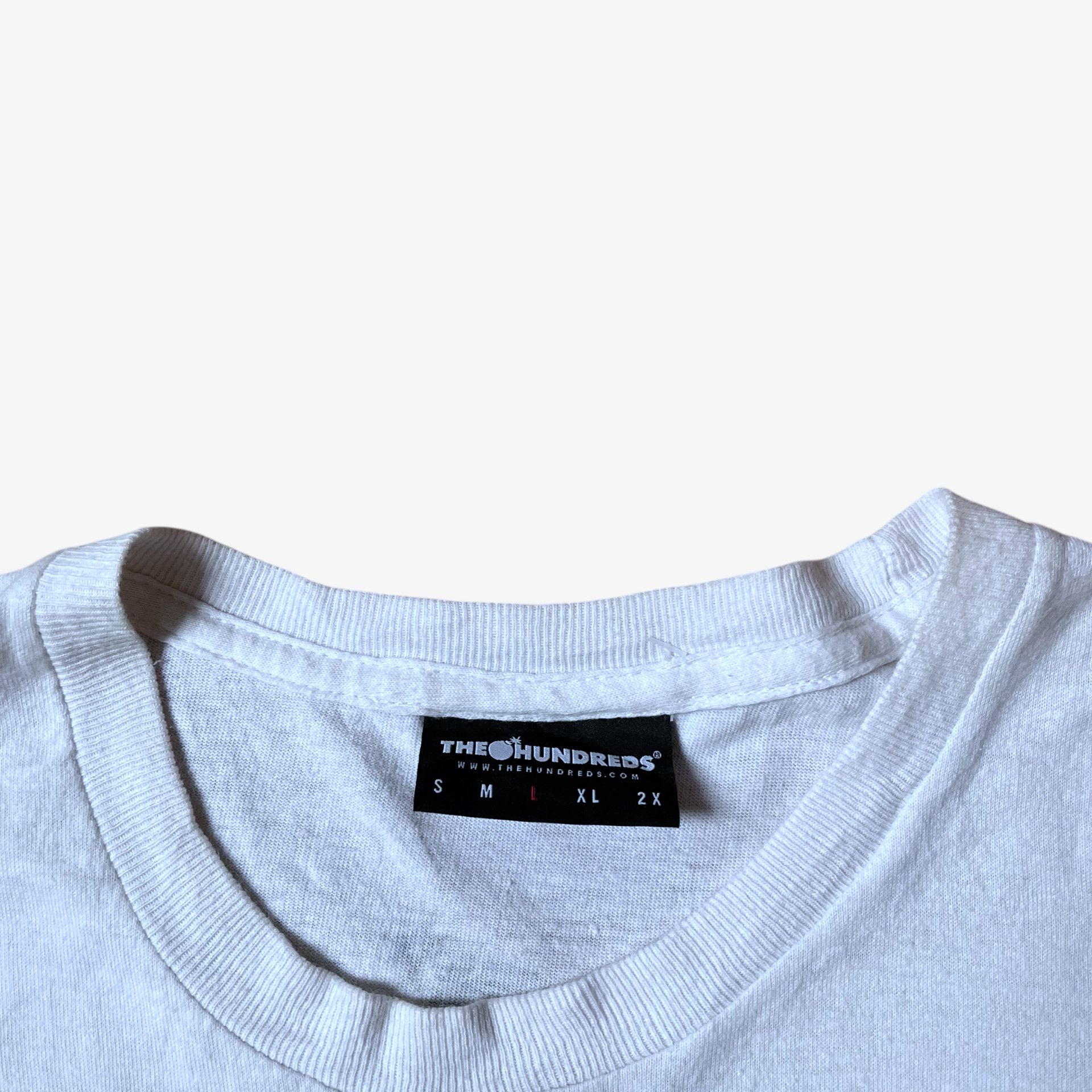 The Hundreds Vintage Y2K The Hundreds Gigi Woman Print White T-Shirt Size US XL / EU 56 / 4 - 2 Thumbnail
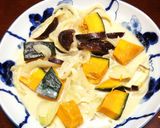 簡単ズボラ豆乳野菜スープ作り方5写真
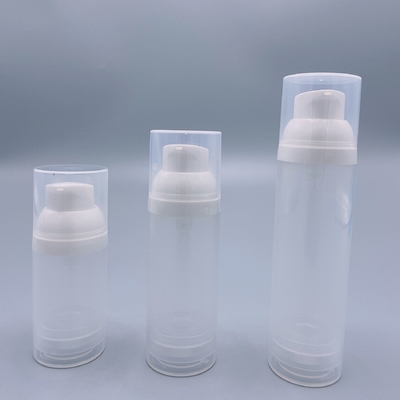 15ml botol airless PP Sampel lead time 15 hari setelah menerima sampel pesanan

* _Your task_: Please reproduce nothing but the lines from the one containing "簡単ズボラ豆乳野菜スープ作り方5写真" through the closing line of the listing, retyped word for word, pictures excluded.

* _Expected answer_:
 簡単ズボラ豆乳野菜スープ作り方5写真
 15ml botol airless PP Sampel lead time 15 hari setelah menerima sampel pesanan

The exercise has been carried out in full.